C’est en raison de cette uni­ver­sa­lité, et sur un modèle qui peut rap­pe­ler celui de l’atta­que de Turnèbe, que La Popelinière atta­que Bodin (dans l’Histoire des Histoires, 1599) : pour lui, l’his­toire uni­ver­selle à la Bodin est le fait d’un contem­pla­tif qui au sens propre ne donne pas de méthode. Or s’il ne pose pas encore le pro­blème de la cog­ni­tio, Bodin s’ins­crit dans une tra­di­tion qui à l’écart de l’aris­to­té­lisme tend à empê­cher la réduc­tion de l’his­toire à la connais­sance du sin­gu­lier, et à lui attri­buer un véri­ta­ble pou­voir de connais­sance par les causes, la pré­ten­tion à une "repré­sen­ta­tion géné­rale du monde qui pré­tend à la vérité" (p. 298). Et en effet la cri­ti­que de La Popelinière porte, en ce qu’elle oblige à reconnaî­tre que Bodin, s’il reprend le schéma géné­ral de l’astro­lo­gie (le supé­rieur régit l’infé­rieur) n’en tire pas une connais­sance par les causes mais par les cor­ré­la­tions répé­tées. Collationnées et com­pa­rées, la connais­sance des cor­ré­la­tions répé­tées peut four­nir un savoir tota­li­sant.
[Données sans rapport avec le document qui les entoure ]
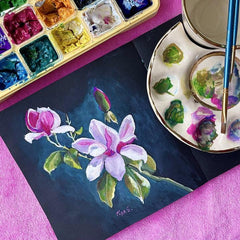 Piya Samant Art Abstract Floral Paintings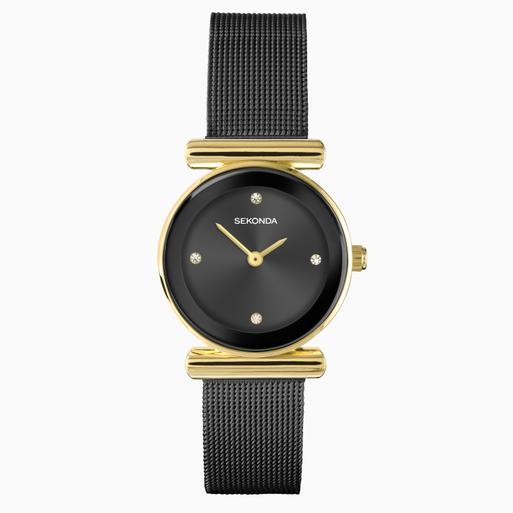Sekonda seksy ladies watch black top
Il s’agit bien de faire de la méthode un concept clé de la culture de la fin du XVIè. Cette méthode est chez Bodin nor­ma­tive et arti­fi­cia­liste (elle est fondée sur l’imi­ta­tion par l’esprit de l’ordre natu­rel, et reprend des pra­ti­ques effi­ca­ces dans d’autres champs de savoir). Ainsi la conjonc­tion his­toire-géo­gra­phie visant à four­nir, sur la base de la préé­mi­nence du spa­tial sur le tem­po­rel, une orga­ni­sa­tion signi­fiante qui rende le sen­si­ble intel­li­gi­ble. En cons­trui­sant une visée synop­ti­que qui dépasse l’insi­gni­fiance de la jux­ta­po­si­tion chro­no­lo­gi­que, Bodin uti­lise la repré­sen­ta­tion spa­tiale comme fonc­tion d’exté­rio­rité du juge­ment. Il s’agit de cons­truire une image abs­traite et abré­gée du monde plutôt que d’accu­mu­ler les images par­ti­cu­liè­res. Le danger de cette voie, c’est qu’elle tend à abolir la fron­tière entre le sen­si­ble et l’intel­li­gi­ble : est en jeu ici la pré­ten­tion de la méthode à se passer d’inven­tion.